Support the IEEE-754 Standard
Over 20 years ago, the IEEE published a standard for floating-point arithmetic that has since been adopted by all major manufacturers of CPU’s. So, platform independence can’t be an issue. Why then is it that the .NET Framework has only the most minimal support for the standard? Surely the fact that people took the time to come up with a solid standard, and the fact that it has enjoyed such wide support from hardware vendors should be an indication that this is something useful and would greatly benefit an important segment of the developer community.
I’ve written about the benefits of floating-point exceptions before, and I’ve discussed my proposal for a FloatingPointContext class. I’ve added a suggestion to this effect in LadyBug. Please go over there and vote for this proposal.
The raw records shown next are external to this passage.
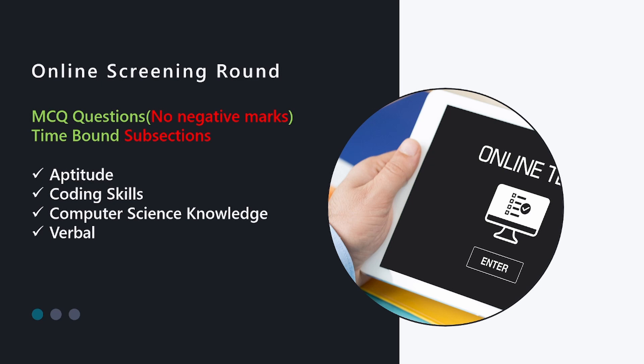Computer science knowledge would include all kinds of computer fundamentals like DBMS, operating systems, computer networking and things like that. There would be mostly theory questions — if you know the answer you know it, else you won't. So if you are good with theory on computer fundamentals you should be fine. Verbal would mean your communication skills, with subsections testing your grammar, comprehension, vocabulary and overall communication skills.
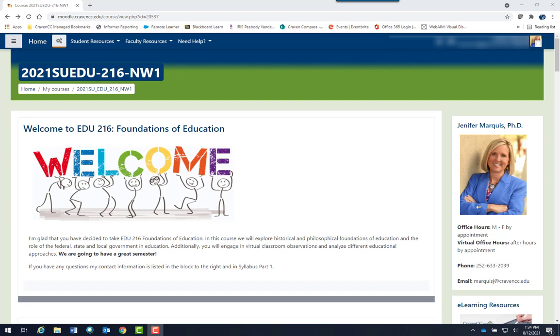Your instructor should update your grades frequently so you can monitor your progress in your course. In addition, you should check your grades frequently so you can monitor your own progress in your course.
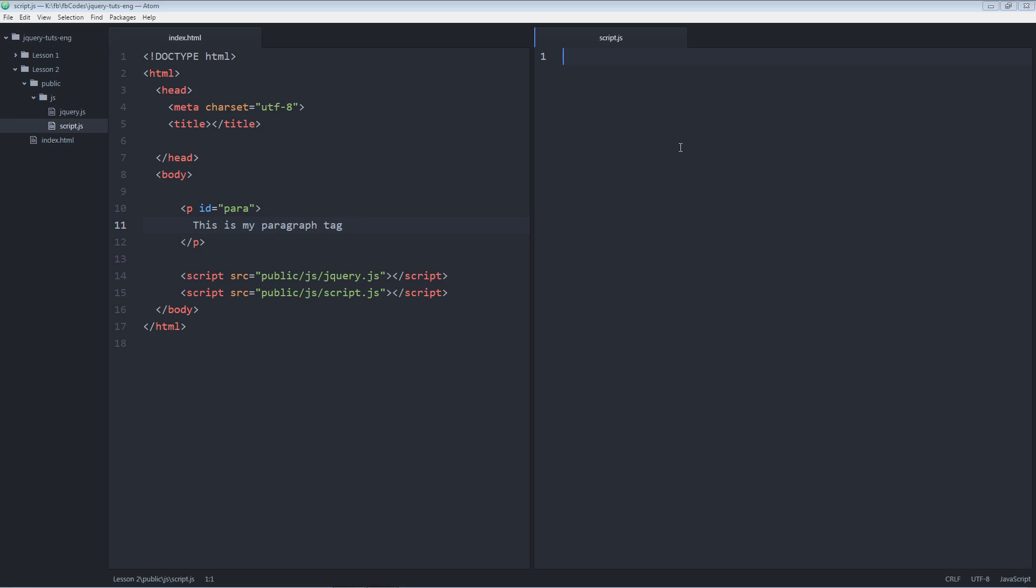So on the right side I'm going to write dollar, then single quotes or double quotes, whatever. Now I'm going to target this element with its ID. I'm going to use the ID selector, so I'm going to write hashtag followed by para, the selector name, dot, the action that I want to perform. And for example, the action is click.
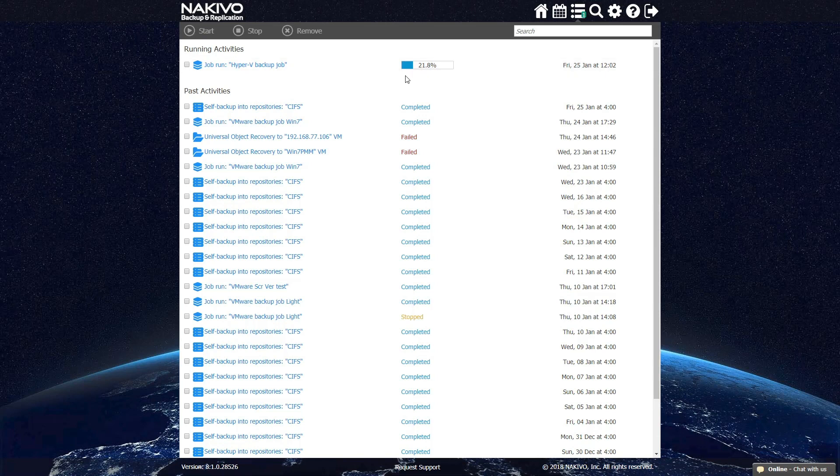Once the job is complete, you have a reliable backup that can be used for near-instant recovery of the entire VM, individual files, or any application objects if the need arises.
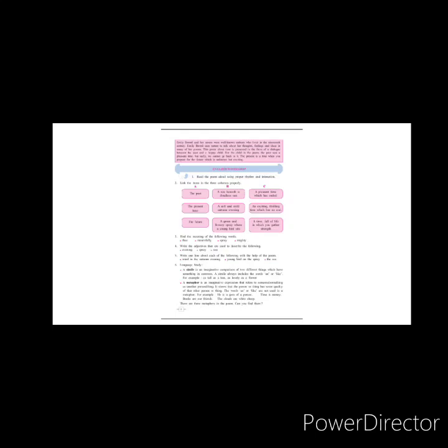What are adjectives? Adjectives are words that describe the noun. For example: 'She is a beautiful girl.' Here, beautiful is the adjective because it is describing the girl. Whenever you want to find the adjective in a statement, ask the question: how is she? She is beautiful. So similarly, you have been given words such as evening, spray and sea, and you have to find adjectives from the poem. The fifth exercise is to write one line about each of the following with the help of the poem — you have to pick those statements from the poem and write them in context to the given lines.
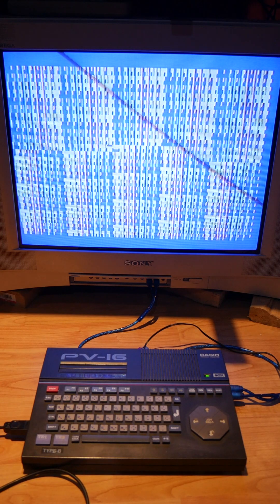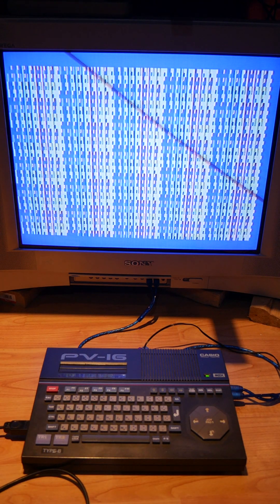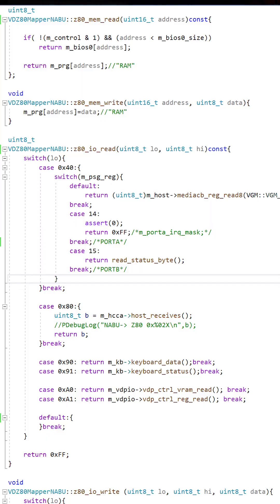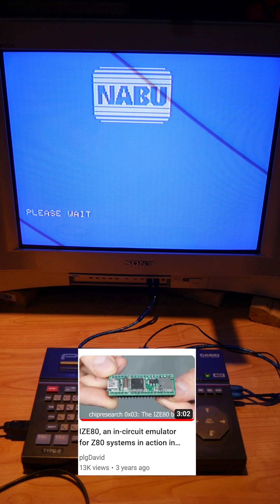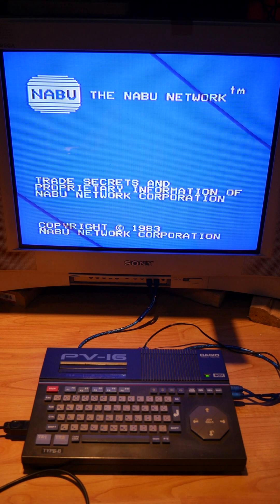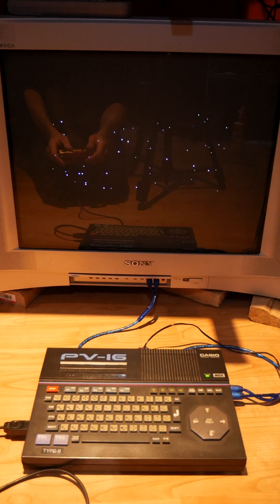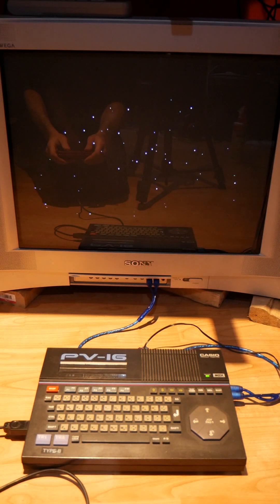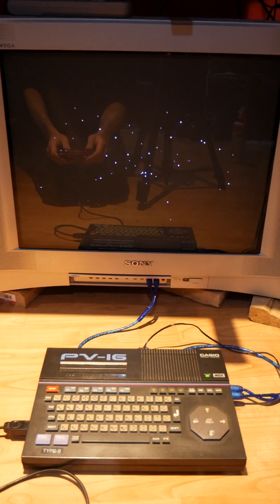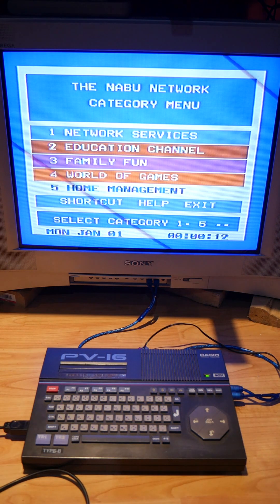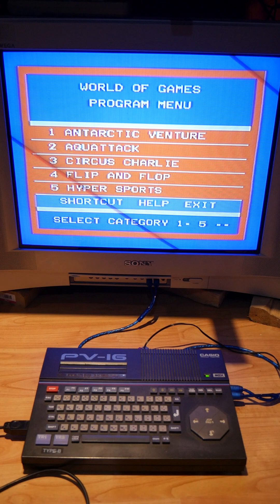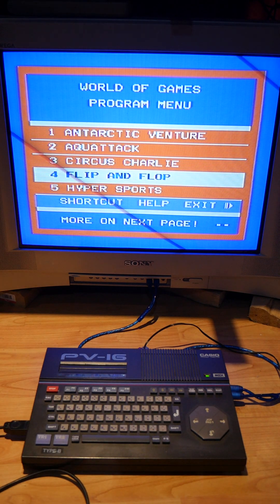So I fully emulate the Z80 and the Naboo address space on a STM32 inside this and the SD card just reads all the segments you need. So everything is on there.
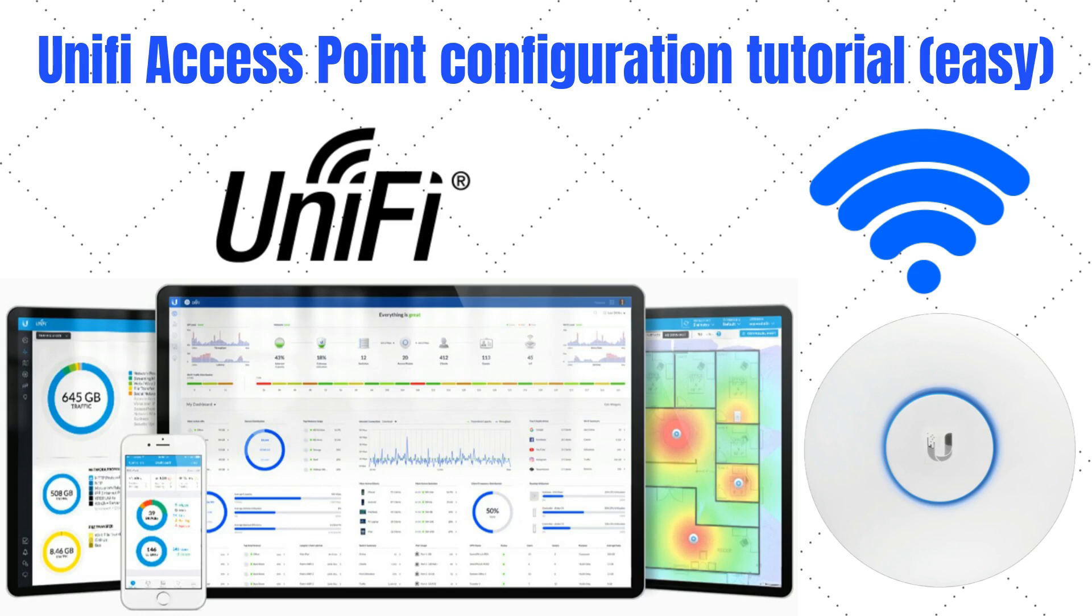Welcome to Joshua's Tech Tips. In today's video I'll be showing you how to configure a UniFi wireless access point. In this video I'll be using a nano HD access point however the configuration would be the same for any of the UniFi access points.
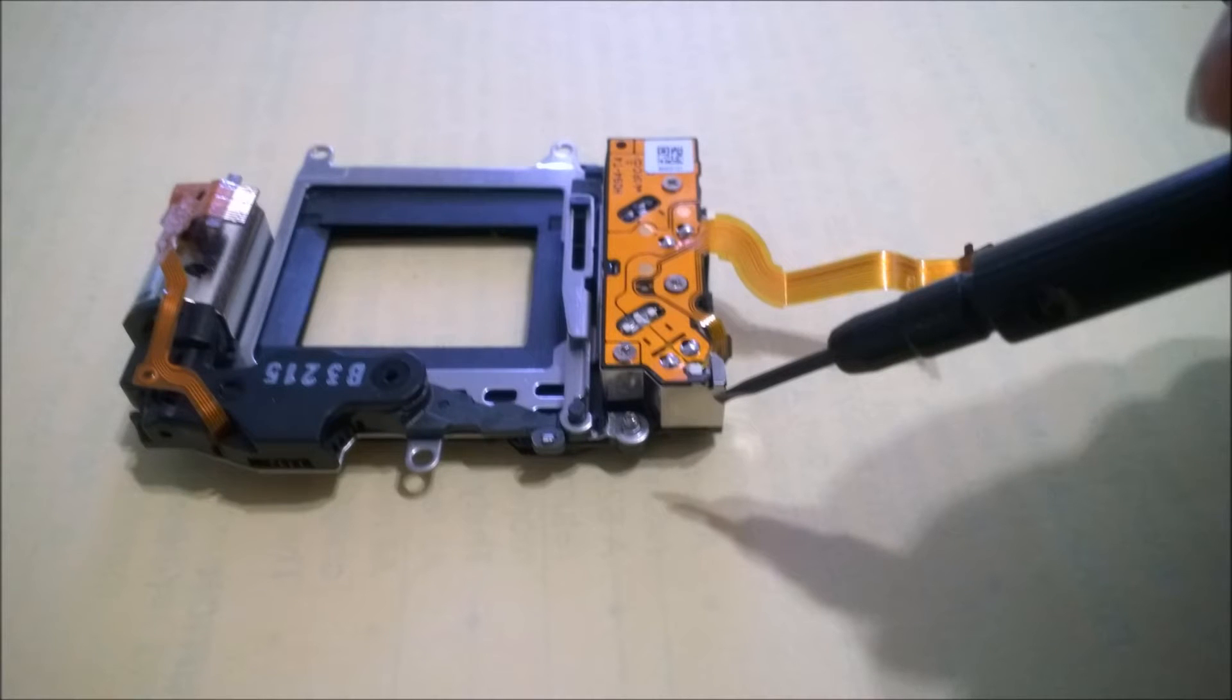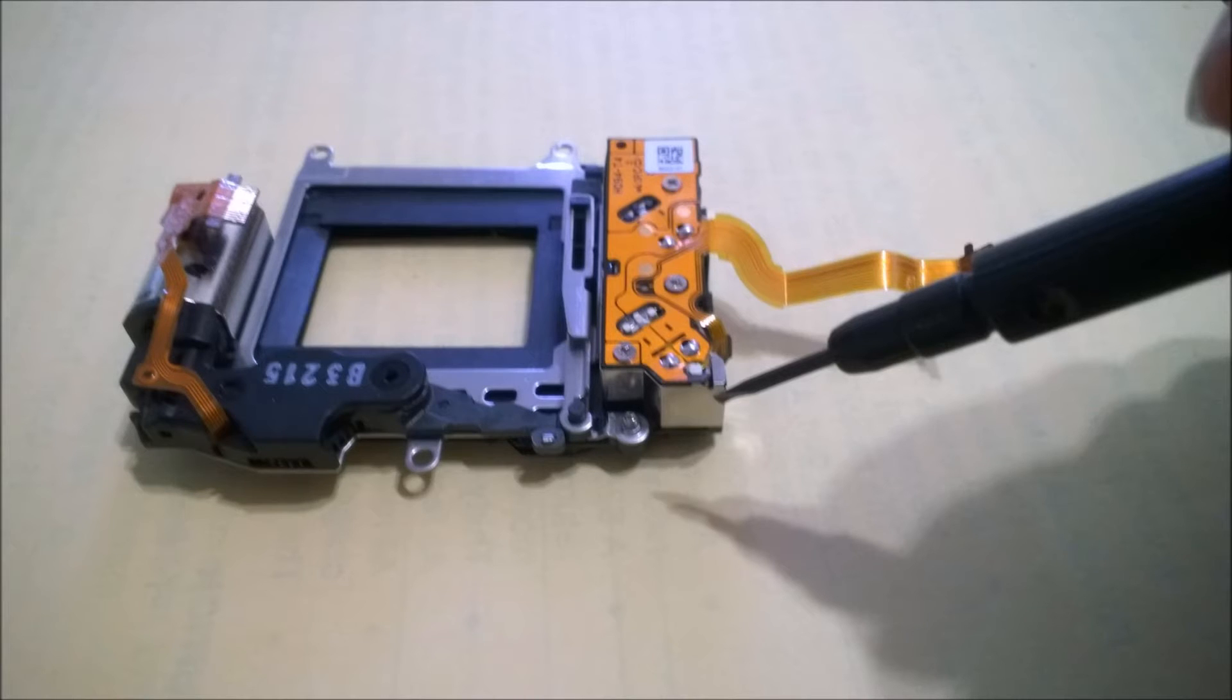What I'm pointing to here is the shutter component of the Sony NEX 5R, but it should be very similar in all the NEX series.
Allow Overloading of Compound Assignment Operators
This is another topic I’ve written about before. In a nutshell: C# and VB.NET don’t support custom overloaded assignment operators at all. C++/CLI supports them, and purposely violates the CLI spec in the process – which is a good thing! One point I would like to add: performance isn’t the only reason. Sometimes there is a semantic difference. Take a look at this code:
RowVector pivotRow = matrix.GetRow(pivot)
for(row = pivot+1; row < rowCount; row++)
RowVector currentRow = matrix.GetRow(row);
currentRow -= factor * pivotRow
which could be part of the code for computing the LU Decomposition of a matrix. The GetRow method returns the row of the matrix without making a copy of the data. The code inside the loop subtracts a multiple of the pivot row from the current row. With the current semantics where x -= y is equivalent to x = x – y, this code does not perform as expected.
What I would like to see is have the CLI spec changed to match what C++/CLI does. Compound assignment operators should be instance members.
Still to come: a proposal for some (relatively) minor modifications to .NET generics to efficiently implement generic arithmetic, better support for arrays, and more.